The Estonian Startup visa is also not the [[digital nomad visa!]] Estonia makes a clear distinction from the get-go between those freelancers and remote workers who are bringing a job with them or a solopreneur business, versus future large enterprises that are coming to Estonia to hire and scale – and it supports them very differently .
This piece walks through what the Estonia Startup Visa actually is, who qualifies, what it costs, what it gives you, and how it compares to the Lithuania Startup Visa we covered in a companion piece. All figures cited are from the Startup Estonia, Police and Border Guard Board (PPA), and Work in Estonia primary-source pages. Where a figure may have changed in 2026 indexation, that is flagged inline.
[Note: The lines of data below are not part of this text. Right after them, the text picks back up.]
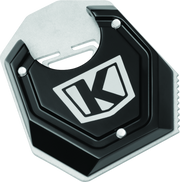 Kuryakyn 3842 Lodestar Kickstand Shoe Black - Photo - Primary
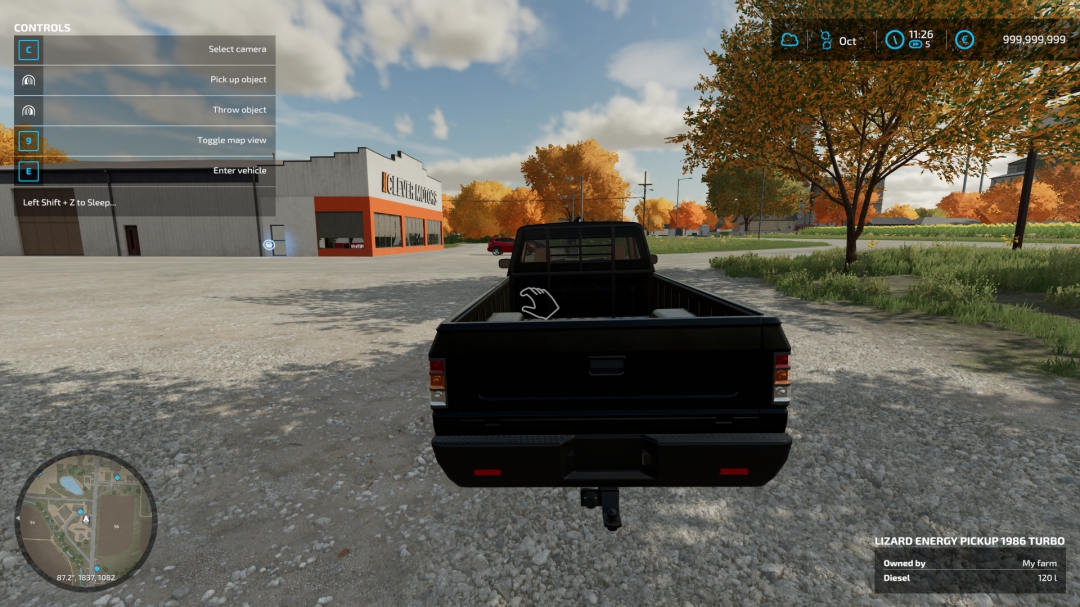 Lizard Pickup 1986 Turbo V1.5.0.0
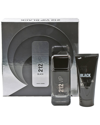 Carolina Herrera Men's 212 Vip Black 2pc Set
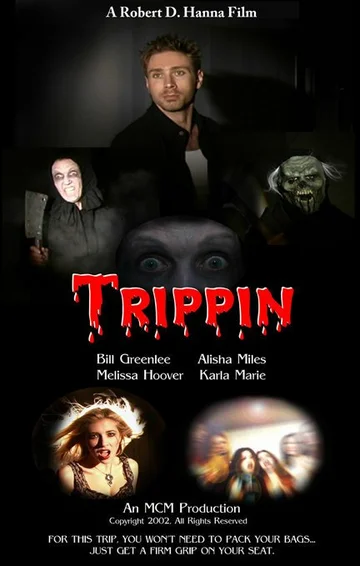 Постер: Trippin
What the Estonia Startup Visa actually is
The Startup Visa was launched in 2017 by Estonia’s Ministry of the Interior together with Startup Estonia and the local startup community. The programme has run continuously since, with periodic updates to its criteria and fee structure.
The Startup Visa is actually two distinct instruments under a single brand:
- A long-stay (D) visa for a start-up entrepreneur – up to 365 days, extendable by 183 days (maximum approximately 18 months). The runway instrument: you use it to come to Estonia, set up the company, and either grow into a longer permit or leave before the visa expires.
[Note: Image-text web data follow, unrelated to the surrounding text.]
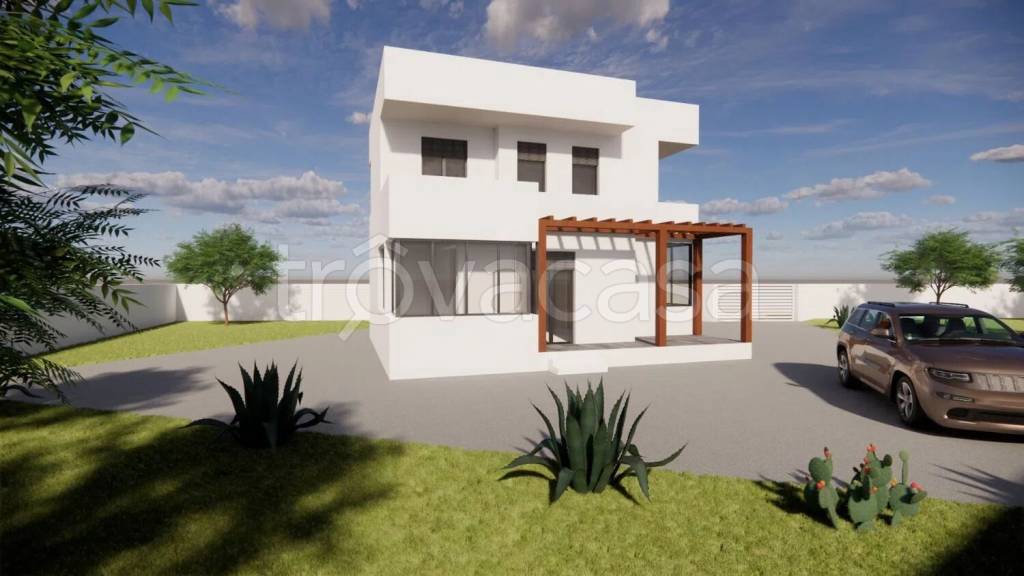 casa indipendente in vendita a Marsala
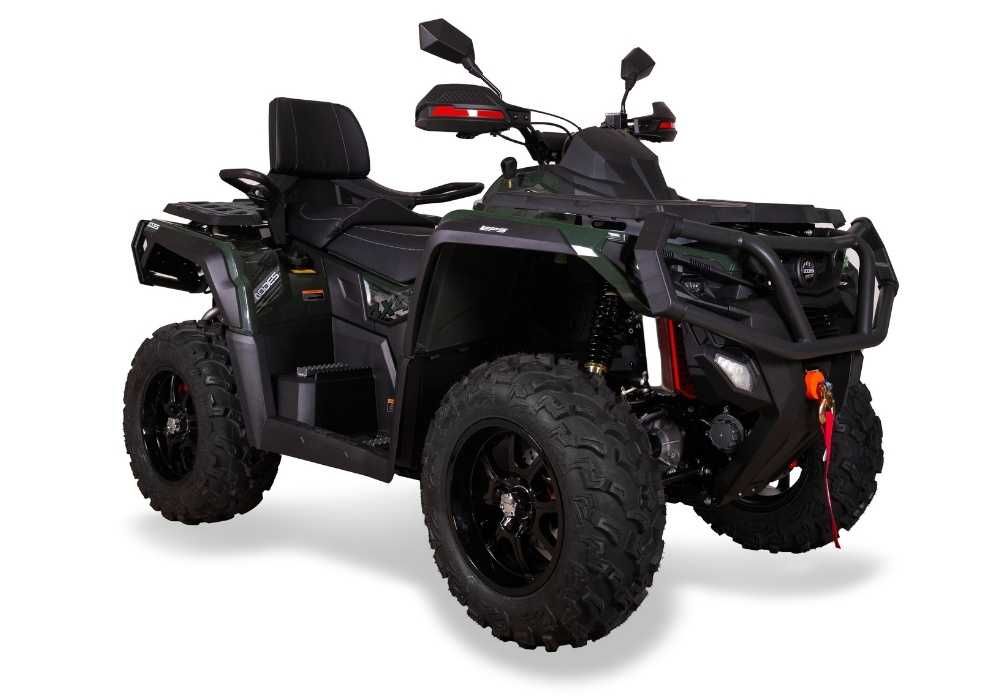 Новий квадроцикл AODES Pathcross 650-L New EPS в Арт мото Житомир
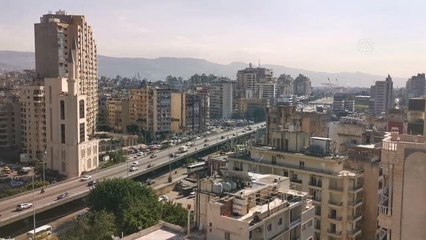 Lübnan'da kurak geçen kış mevsimi sağlık ve gıda güvenliğini tehdit ediyor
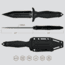 Takumitak Protector 4.5in Fixed Blade Knife
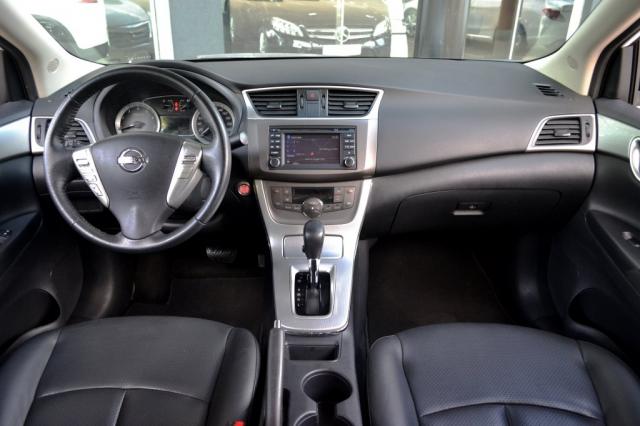 NISSAN SENTRA 2014/2015 2.0 SL 16V FLEX 4P AUTOMATICO - Foto 8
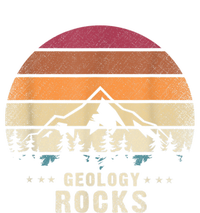 Retro Rock Science Paleontology Lover Geology T-Shirt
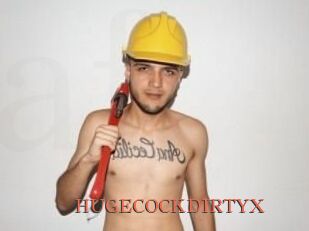 HUGECOCKDIRTYX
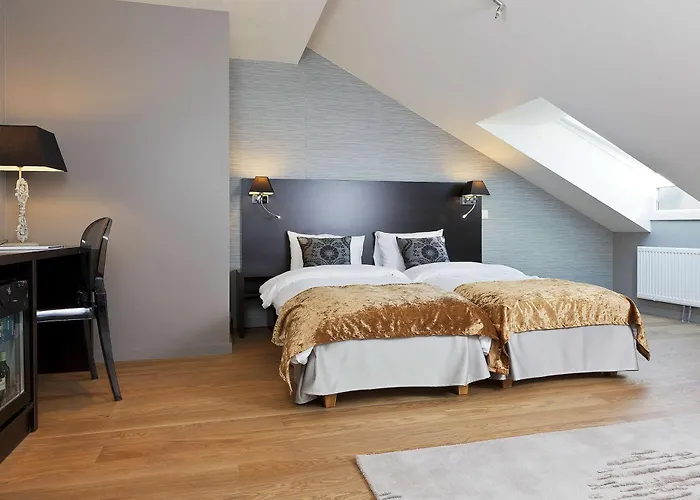 Saga Oslo, Worldhotels Crafted 호텔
- A temporary residence permit (TRP) for a start-up entrepreneur – initial validity up to 5 years, then extendable in 10-year increments. The landing instrument: this is the proper residence permit that gives you the long-term right to live in Estonia.
The two paths can be combined sequentially (D visa first, TRP later once the business is established) or you can apply directly for the TRP if your application is strong enough to support it. Most non-EU founders who are serious about Estonia head straight for the TRP route.
Important context: the general business-investor TRP in Estonia requires a €65,000 capital investment. The Startup Visa track waives that capital requirement entirely – the trade-off is that the Startup Committee evaluates your innovation case instead. This is the structural feature that makes the programme genuinely accessible to founders without significant prior capital.
Who qualifies (2026)
The eligibility criteria are explicit:
- Non-EU/EEA/Swiss national. EU citizens use right-of-residence registration instead and do not need the programme.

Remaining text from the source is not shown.